Puisque cette recherche a été effectuée pour le Centre Jeunesse de la Montérégie, des adolescentes vivant en milieu urbain (Longueuil) et en milieu rural (Acton Vale, Bedford, etc.) ont été interviewées. Leurs différents milieux de vie, urbain et rural, sont ainsi comparés au chapitre huit. Il semble que le milieu rural donne lieu à certaines solidarités familiales, notamment, en ce qui a trait au transport. En milieu urbain, il semble que le voisinage ne soit pas une source d’entraide (p. 211). Toutefois, les résultats montrent que le réseau des adolescentes vivant en milieu urbain comprend plus de professionnels des services sociaux et de santé que celui des adolescentes vivant en milieu rural (p. 213).

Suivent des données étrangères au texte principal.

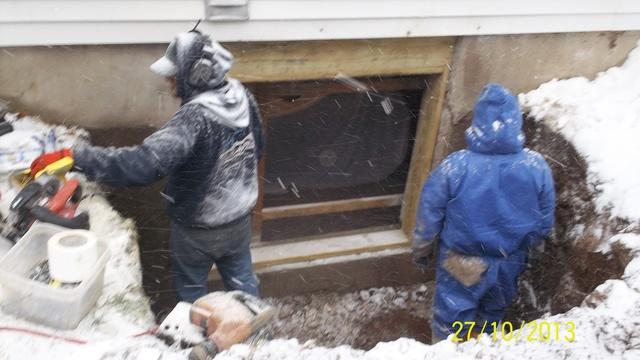 A new frame is then installed to house the new window, and the old frame of the basement is removed. 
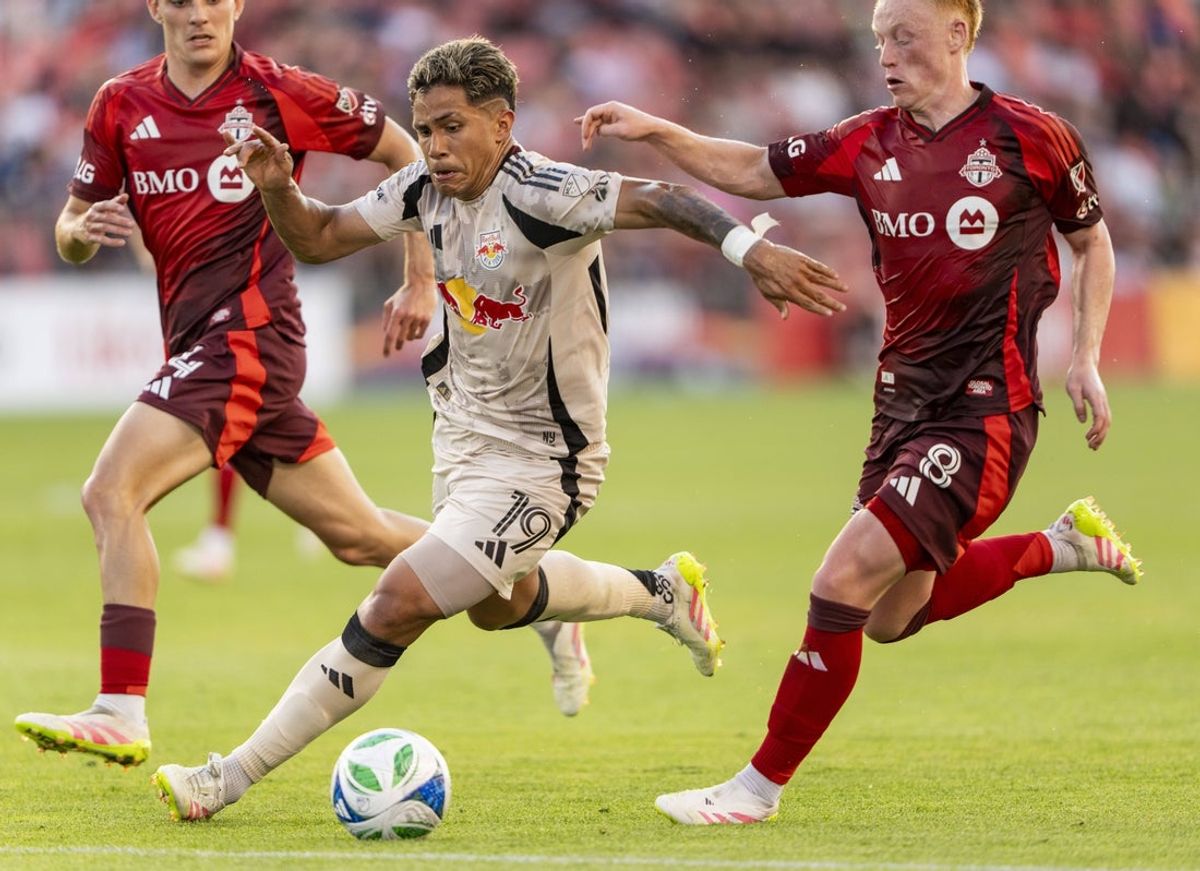 Jun 25, 2025; Toronto, Ontario, CAN; New York Red Bulls midfielder Wikelman Carmona (19) moves the ball against Toronto FC midfielder Matty Longstaff (8) during the first half at BMO Field. Mandatory Credit: Kevin Sousa-Imagn Images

En conclusion, l’auteure remet en question la pertinence des interventions précoces visant à prévenir la maternité adolescente. L’auteure explique que les mesures généralement prises pour prévenir cette dernière (information sur la contraception, résumé des conséquences néfastes à long terme, etc.) ne tiennent pas assez compte de l’importance du rôle que joue l’entourage dans la prise de décision des mères adolescentes. Elles semblent aussi nier que les mères adolescentes puissent choisir délibérément leurs carrières de mères (p. 219). Enfin, l’auteure conclut ce propos en soulevant le paradoxe selon lequel la société se lamente à la fois d’un taux de fécondité faible et du phénomène de maternité adolescente (p. 220). Ce livre représente une source d’information considérable pour les intervenantes et intervenants qui agissent auprès des mères adolescentes, car elle permet de comprendre la dynamique du soutien disponible et des ressources utilisées par les jeunes femmes quelques années après la naissance de l’enfant.